I bought some 330 bloodlines today. Cut at 28.5' 50 gr insert. Weight at 424 gr with 100 gr field point. I like them a lot better then FMJ 320 6mm. Easier to pull and fly much better I think. Shooting A Mathews Triax, 28' 70lb. actual poundage is like 72.8 lb. I was shooting FMJ and switched to Victory extorsion 340 they weight was 524 gr with a 100 gr point. Robin hooded the victory. To much money to be replacing. I shoot everyday. I like the bloodlines better then both. These bloodlines fly like darts. 424 gr. is plenty to kill deer and turkey. I'm not going to say I know a lot about FOC. These arrows are 28.5 and balance point from end of field point up the end of arrow is 11' 1/8. I would say that is good FOC.


----------



## Brad873 (Sep 30, 2018)

Been shooting axis 5mm arrows. The bloodlines aren't really any cheaper. I'm getting ready to order more arrows and wondering if it's worth trying bloodlines? I shoot 60lbs, 25" 340 spine (could use 400) with 50gr inserts currently. Is there an advantage to the bloodlines? Or just stick with what I have already tuned to? KE I assume will be a little better with the axis 5mm?


----------



## ericwjennings (Sep 13, 2015)

The bloodlines fly great for me and give very good penetration out of my bow at 50#'s. I hunt pretty open terrain at high elevation here in California so most of my shot opportunities are long, most shots start at 30-40 yards minimum.

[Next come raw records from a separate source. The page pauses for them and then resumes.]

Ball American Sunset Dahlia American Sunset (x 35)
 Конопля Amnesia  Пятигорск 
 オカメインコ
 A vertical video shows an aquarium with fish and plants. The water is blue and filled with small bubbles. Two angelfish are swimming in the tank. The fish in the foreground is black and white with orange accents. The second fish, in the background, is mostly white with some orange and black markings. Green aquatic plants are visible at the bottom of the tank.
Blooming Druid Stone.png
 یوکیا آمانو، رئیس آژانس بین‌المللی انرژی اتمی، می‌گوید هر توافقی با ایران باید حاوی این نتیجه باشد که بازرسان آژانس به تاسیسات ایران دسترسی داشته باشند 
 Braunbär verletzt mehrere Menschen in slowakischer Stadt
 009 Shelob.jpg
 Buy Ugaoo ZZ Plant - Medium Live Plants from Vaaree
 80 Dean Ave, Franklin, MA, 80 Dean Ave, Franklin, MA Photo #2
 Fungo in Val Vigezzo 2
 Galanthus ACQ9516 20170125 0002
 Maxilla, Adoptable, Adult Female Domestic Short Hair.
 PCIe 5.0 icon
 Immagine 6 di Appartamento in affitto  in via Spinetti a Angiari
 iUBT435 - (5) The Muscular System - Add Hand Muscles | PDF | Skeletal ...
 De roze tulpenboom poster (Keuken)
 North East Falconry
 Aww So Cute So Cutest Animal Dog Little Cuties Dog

I have killed 3 bucks with my bloodlines, they've given me nice pass thru's on 2 of them, the other one was a weird angle shot and it ended up poking just through the outside of the off shoulder and when it kicked and fell down it snapped the arrow off. Other than that they have been very durable. They fly more consistently than the Beman and Carbon Express arrows that I tried when I was trying to settle on an arrow choice.


Eric.


----------



## EZ shot (May 6, 2009)

:thumbs_up


----------



## RCL (Apr 23, 2004)

For those that want a 6mm shaft like the Bloodline but want a little more weight, Easton also makes the 6mm Axis.....


----------



## Octanom (3 mo ago)

I’m new to archery. Just over the 10 months. I ordered new arrows and it happened to be Easton Bloodline 330 and they fly great for me. First shot at 50 meters 2.5 cm of the X. Never done that before with my previous arrows.


----------



## vincenzokr (Mar 3, 2019)

Používám je a neplánuji v dohledné době měnit


----------